=== Working data ===

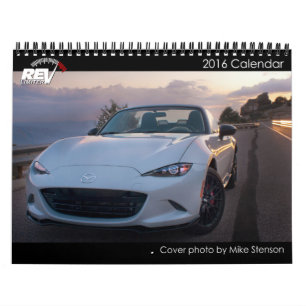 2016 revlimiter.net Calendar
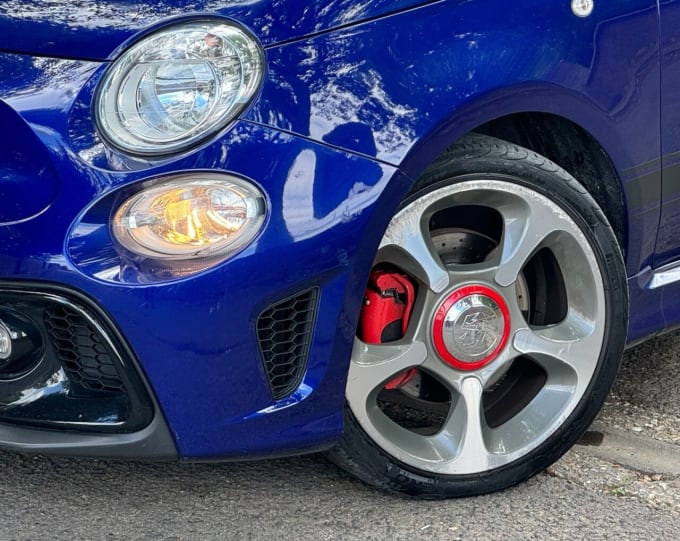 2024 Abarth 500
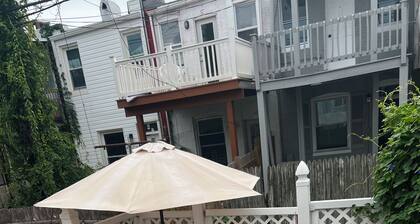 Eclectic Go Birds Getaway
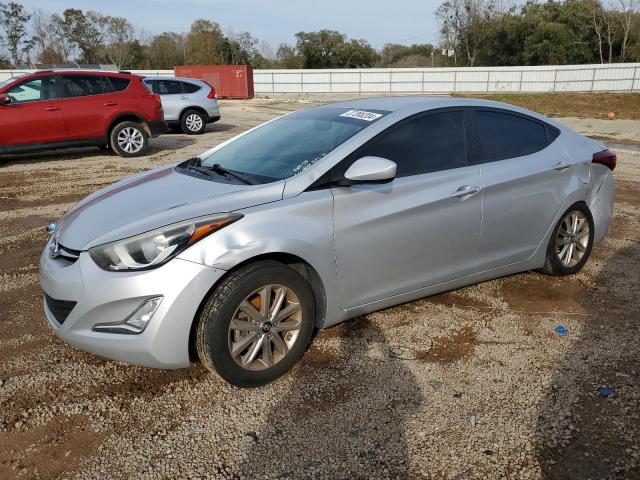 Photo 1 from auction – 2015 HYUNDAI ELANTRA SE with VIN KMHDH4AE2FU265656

===
=== Working data ===

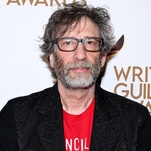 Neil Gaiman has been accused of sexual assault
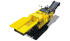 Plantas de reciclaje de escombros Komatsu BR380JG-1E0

===

Exercise objective: Only one stretch of the entries above is needed: the lines from the one containing "2024 Abarth 500" through the one containing "Photo 1 from". Copy it exactly, without the pictures.

Solution:
 2024 Abarth 500
 Eclectic Go Birds Getaway
 Photo 1 from auction – 2015 HYUNDAI ELANTRA SE with VIN KMHDH4AE2FU265656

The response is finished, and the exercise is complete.